[Opening Stored data section]

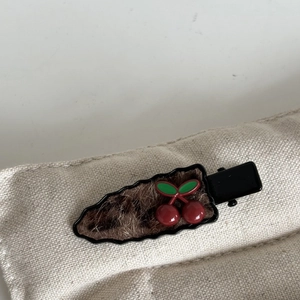 Detailed macro view of cute plush leopard print hair clip with red cherry accents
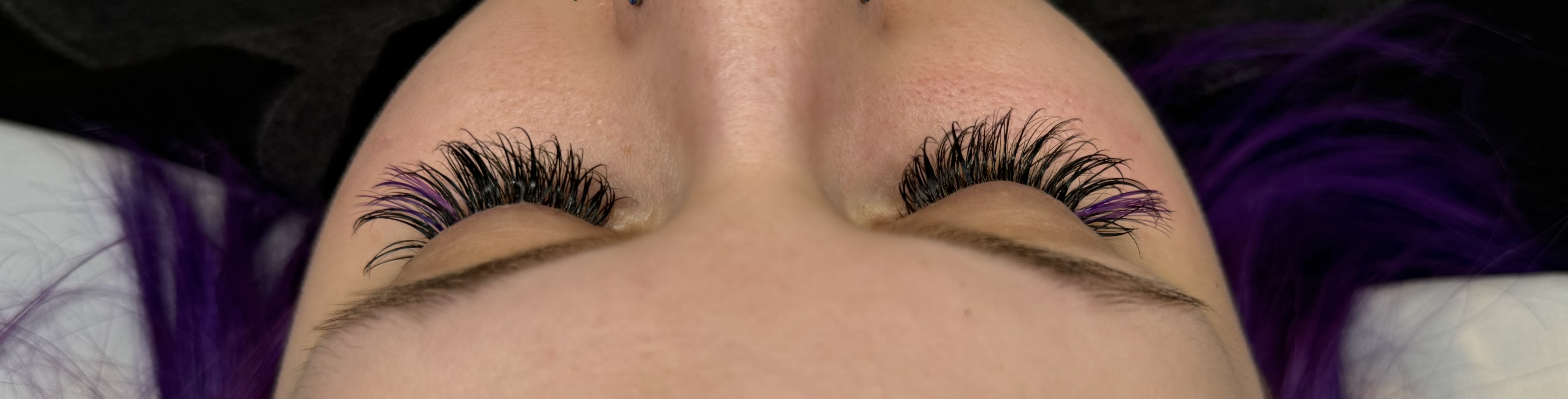 Wispy hybrid eyelash extensions with a subtle purple accent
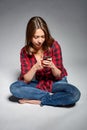 Smiling teen girl sitting barefooted at floor smiling at camera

[Closing Stored data section]

What is needed is the whole listing again, set down exactly, without its pictures.

- Written solution:
 Detailed macro view of cute plush leopard print hair clip with red cherry accents
 Wispy hybrid eyelash extensions with a subtle purple accent
 Smiling teen girl sitting barefooted at floor smiling at camera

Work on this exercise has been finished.